To do: Find "Used 2023 Honda Accord EX image 11" and "Люстра Grape Balls Белое стекло Белый Люстра" in the records below. Copy the lines holding them and every line between, exactly, and no others.
++++++++++++++++++++
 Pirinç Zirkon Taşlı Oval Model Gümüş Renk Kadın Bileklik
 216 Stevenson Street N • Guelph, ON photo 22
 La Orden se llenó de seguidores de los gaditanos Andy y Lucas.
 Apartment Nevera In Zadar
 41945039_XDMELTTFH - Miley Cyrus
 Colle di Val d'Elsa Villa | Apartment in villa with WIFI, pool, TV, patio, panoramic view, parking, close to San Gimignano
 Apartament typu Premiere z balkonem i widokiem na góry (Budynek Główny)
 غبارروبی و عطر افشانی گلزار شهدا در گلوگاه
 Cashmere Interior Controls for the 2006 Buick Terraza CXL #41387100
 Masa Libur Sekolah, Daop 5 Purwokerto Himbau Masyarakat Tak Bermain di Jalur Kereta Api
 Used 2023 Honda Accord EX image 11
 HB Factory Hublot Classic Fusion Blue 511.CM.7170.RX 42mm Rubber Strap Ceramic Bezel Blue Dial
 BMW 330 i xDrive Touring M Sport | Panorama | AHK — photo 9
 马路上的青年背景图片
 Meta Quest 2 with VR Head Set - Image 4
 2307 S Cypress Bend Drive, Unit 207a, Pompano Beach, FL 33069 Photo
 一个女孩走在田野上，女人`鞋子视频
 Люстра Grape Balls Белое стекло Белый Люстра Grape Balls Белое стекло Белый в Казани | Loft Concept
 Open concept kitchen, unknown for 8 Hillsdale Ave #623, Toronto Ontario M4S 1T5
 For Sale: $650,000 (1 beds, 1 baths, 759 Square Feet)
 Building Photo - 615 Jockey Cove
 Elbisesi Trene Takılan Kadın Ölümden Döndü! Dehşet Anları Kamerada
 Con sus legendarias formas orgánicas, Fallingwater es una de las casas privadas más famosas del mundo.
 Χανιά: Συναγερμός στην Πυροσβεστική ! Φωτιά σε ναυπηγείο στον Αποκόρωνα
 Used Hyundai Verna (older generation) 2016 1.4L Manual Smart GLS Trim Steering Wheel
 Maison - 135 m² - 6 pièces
++++++++++++++++++++
Written response:
 Used 2023 Honda Accord EX image 11
 HB Factory Hublot Classic Fusion Blue 511.CM.7170.RX 42mm Rubber Strap Ceramic Bezel Blue Dial
 BMW 330 i xDrive Touring M Sport | Panorama | AHK — photo 9
 马路上的青年背景图片
 Meta Quest 2 with VR Head Set - Image 4
 2307 S Cypress Bend Drive, Unit 207a, Pompano Beach, FL 33069 Photo
 一个女孩走在田野上，女人`鞋子视频
 Люстра Grape Balls Белое стекло Белый Люстра Grape Balls Белое стекло Белый в Казани | Loft Concept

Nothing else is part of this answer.